CRM as database

CRM as database is the pattern of treating your CRM (Attio, Affinity, or equivalent) as the firm’s single source of truth: the one operational database where deal flow, meeting notes, and LP records all live, and that every automation, agent, dashboard, and sync job reads from and writes to. You do not set up a separate database, a data warehouse (a specialized system for large-scale analysis), or an internal app with its own copy of the data. The CRM already provides the data structure, the storage, the permissions, and the screens your team looks at every day, so machines are made to work inside it rather than beside it.

Why this matters for your fund

This one architectural decision is behind most of the systems documented on this site, and it is the difference between automation your team actually sees and automation that quietly diverges from reality. The deal flow partners review, the meeting notes agents file, and the LP records a fundraise runs on are all the same records the machines maintain, which is what “the firm’s single source of truth” means in practice. Once you commit to it, everything else falls into place: cron agents become jobs that keep CRM fields current, dashboards become read-only views computed from the CRM’s own data, and agents that write get a well-defined, human-visible place to put their output. It also keeps your engineering bill small, because you are not building or maintaining a second system.
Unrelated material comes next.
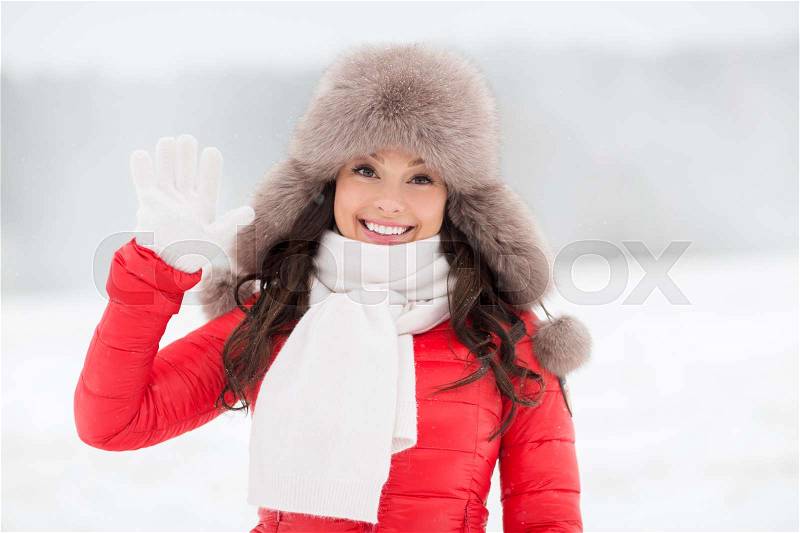 People, gesture and leisure concept - happy smiling woman in winter fur hat waving hand outdoors, stock photo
Why not a parallel database

The instinctive architecture for fund tooling is: pull CRM data into your own database, build features on top, sync changes back. This fails for small teams in predictable ways:

Two sources of truth immediately diverge. Every record edited in the CRM but not yet synced is wrong in your database, and vice versa. You now own a two-way sync problem, one of the hardest problems in software, to support a five-person team.
You rebuild what the CRM ships for free. Permissions, edit history, a record screen, mobile access, mentions, notes, email enrichment: all of it exists already, and your team already trusts it.
Humans stop looking at your app. The partner checks the CRM. If your computed data lives elsewhere, it is invisible at the moment of decision.

The alternative: accept the CRM’s data model as your structure and make every machine a citizen of it. Automations read the CRM through its API (the doorway programs use to read and write a system’s data), compute what they need, and write results back into fields on the same records humans see.
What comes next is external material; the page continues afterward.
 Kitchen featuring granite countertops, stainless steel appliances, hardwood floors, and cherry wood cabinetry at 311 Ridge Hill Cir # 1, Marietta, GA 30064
The diagram below shows the whole architecture: outside systems and scheduled jobs all write into the CRM, and the dashboard reads out of it once a day.

 external sources                  crons (derived fields)
 ┌────────┐  ┌─────────┐           ┌───────────────────────┐
 │ Stripe │  │ logos … │           │ stage dates, display  │
 └───┬────┘  └────┬────┘           │ mirrors: diff → PATCH │
     │ upsert     │ patch          └───────────┬───────────┘
     ▼            ▼                            │ read + write
 ┌───────────────────────────────┐◀────────────┘
 │ CRM (single source of truth)  │
 └───────────────┬───────────────┘
                 │ full list payload, once a day
                 ▼
 ┌───────────────────────────────┐
 │ static dashboard (metrics     │
 │ computed from the rows)       │
 └───────────────────────────────┘

Notice that every arrow points into or out of one box. The CRM is the only place data lives; everything else computes and passes through.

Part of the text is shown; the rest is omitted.